Prepare Training Set
The “training set” is basically the point data set with the single dialects. This stems from statistical learning terminology, as I actually use a method from that area, the so-called k-nearest-neighbor interpolation (which can also be used for predictive analytics, for example).
First, I convert the geometric point data set back to a regular data
frame, where lon
and lat
are nothing more than numeric values
without any geographical meaning.
I also use some dplyr
magic to only retain the 8 most prominent
dialects in the 150k point data set. Why? Because plotting more than 8
different colors in the final map is a pain for the eyes – the different
areas couldn’t be distinguished anymore. But bear in mind: The more we
summarize the data set, the more local specialities we lose (endemic
dialects that only appear in one city, for instance).

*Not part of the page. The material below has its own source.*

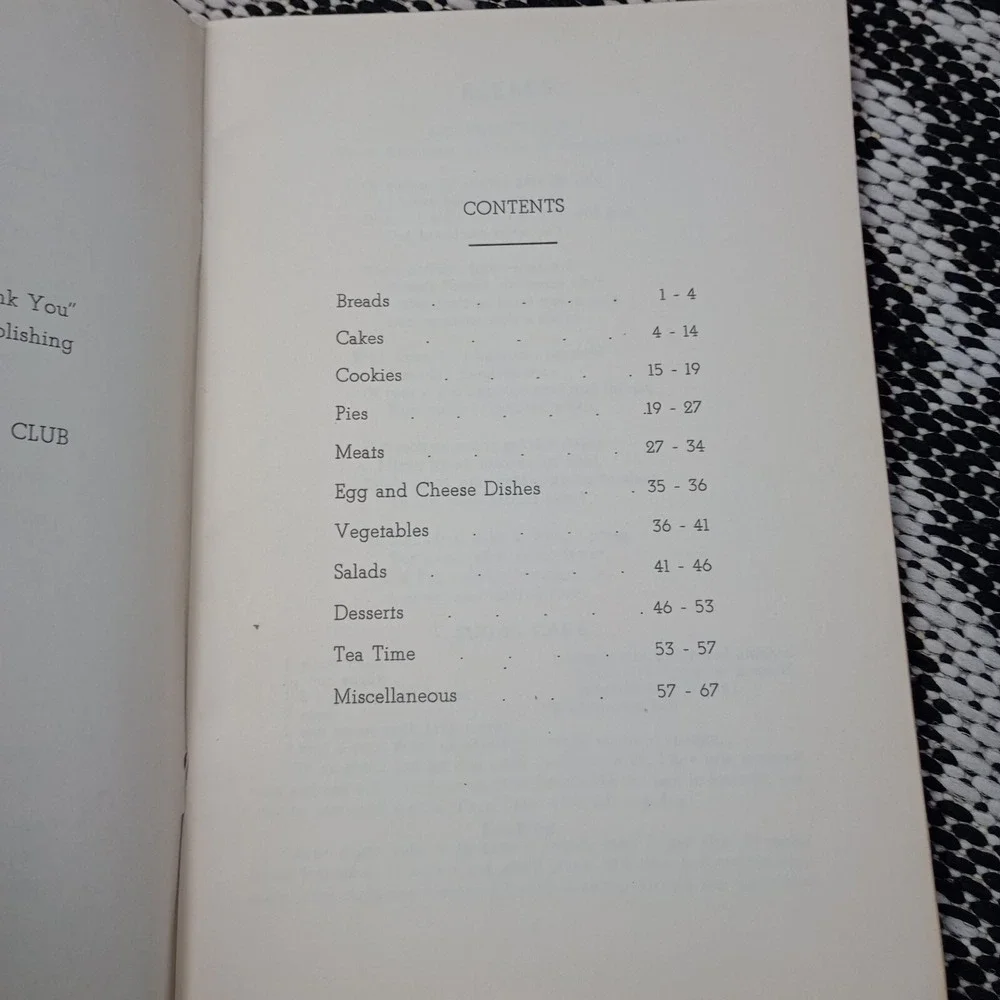 What's Cookin'? ‎ 1948  1st ED. Winston-Salem Woman's  Club Cookbook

dialects_train <- data.frame(dialect = point_data$pronunciation_id, lon = st_coordinates(point_data)[, 1], lat = st_coordinates(point_data)[, 2]) # only keep 8 most prominent dialects dialects_train %<>% group_by(dialect) %>% nest() %>% mutate(num = map_int(data, nrow)) %>% arrange(desc(num)) %>% slice(1:8) %>% unnest() %>% select(-num) # clean up rm(point_data)
Run KNN on Training Set
Now the magic happens. I use the kknn
function from the same-named
package to interpolate from the training set (point data,
dialects_train
) to the test data set (continuous, regular grid,
dialects_result
). The latter is derived from the coordinates of the
just created regular grid. The function kknn
takes these two data
frames and a formula dialect . ~
which tells it to interpolate the
dialect
factor variable according to all other variables, which are
nothing more than lng
and lat
. The cool thing is that these don’t
have to be geographical at all – but of course, this technique is often
used for geographical interpolations. The kknn
function takes k
as
the last parameter: it specifies from how many neighboring points (from
the point data set) a grid cell will be interpolated. I use k = 1000
below, and also tried out other values (there’s another example with
k = 2000
at the end of this post). The bigger this value, the
“smoother” the resulting surface will be, the more local details vanish.

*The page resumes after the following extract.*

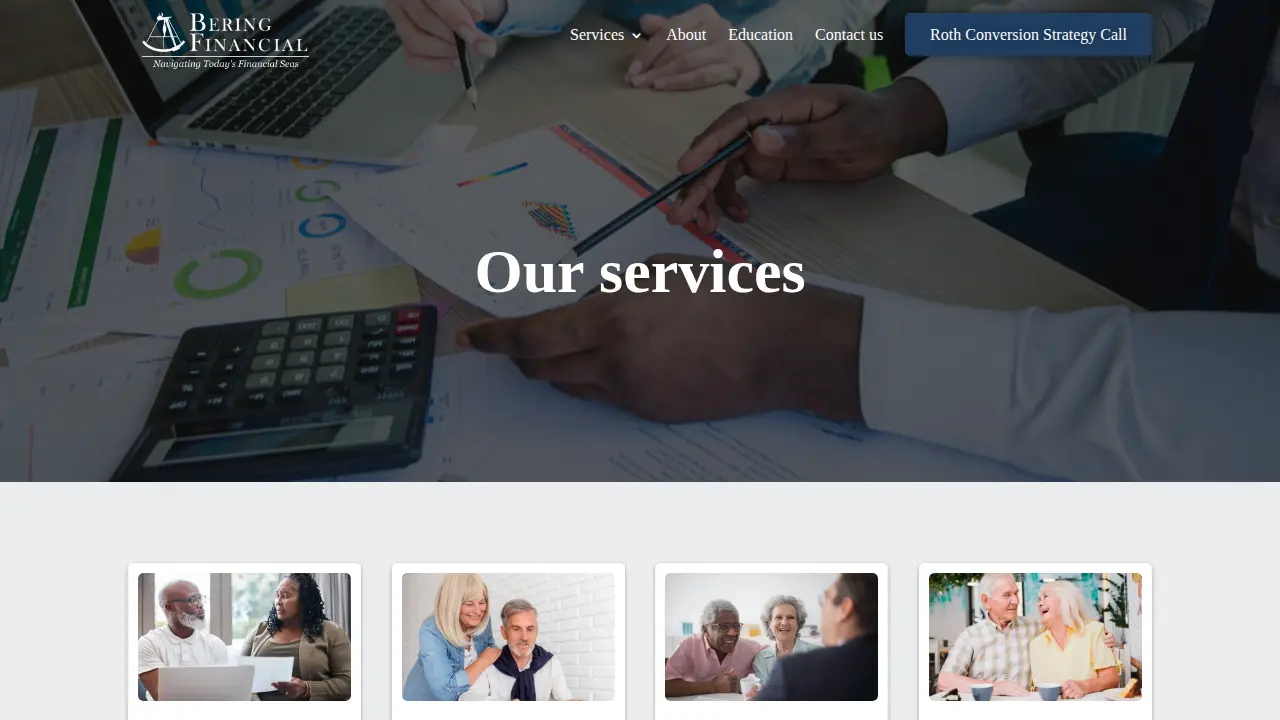 Bering Financial page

It’s hard to say which of these details are just noise or actual local
language varieties. One could certainly account for this by doing
something like cross-fold-validation, but since I first and foremost
wanted to produce very coarse maps for a popular culture book, I kind of
neglected this part. Furthermore, my co-authors, who are all linguists,
doublechecked each map for its linguistic plausibility.
What’s special about kknn
is that it can interpolate categorical
variables like the factor at hand here. Usually with spatial
interpolation, KNN is used to interpolate continuous variables like
temperatures from point measurements.
When working on this project I struggled a lot with engineering
problems, because computing only a 300 x 500 or so grid would take so
much memory, my computer would freeze all the time. I then bought 8 GB
of additional RAM just to discover that I now can interpolate 300 x 500,
but nothing more. Eventually I desperately posted a
question to the creator of
the kknn
package who quickly replied – thanks again @KlausVigo. His
answer opened my eyes. I could split up the result grid and compute each
tile separately! This solves the memory problems because the tiles are
small enough to easily fit into memory, and also speeds up the
computation by a factor of maybe 2 or 3 when computing on 4 cores.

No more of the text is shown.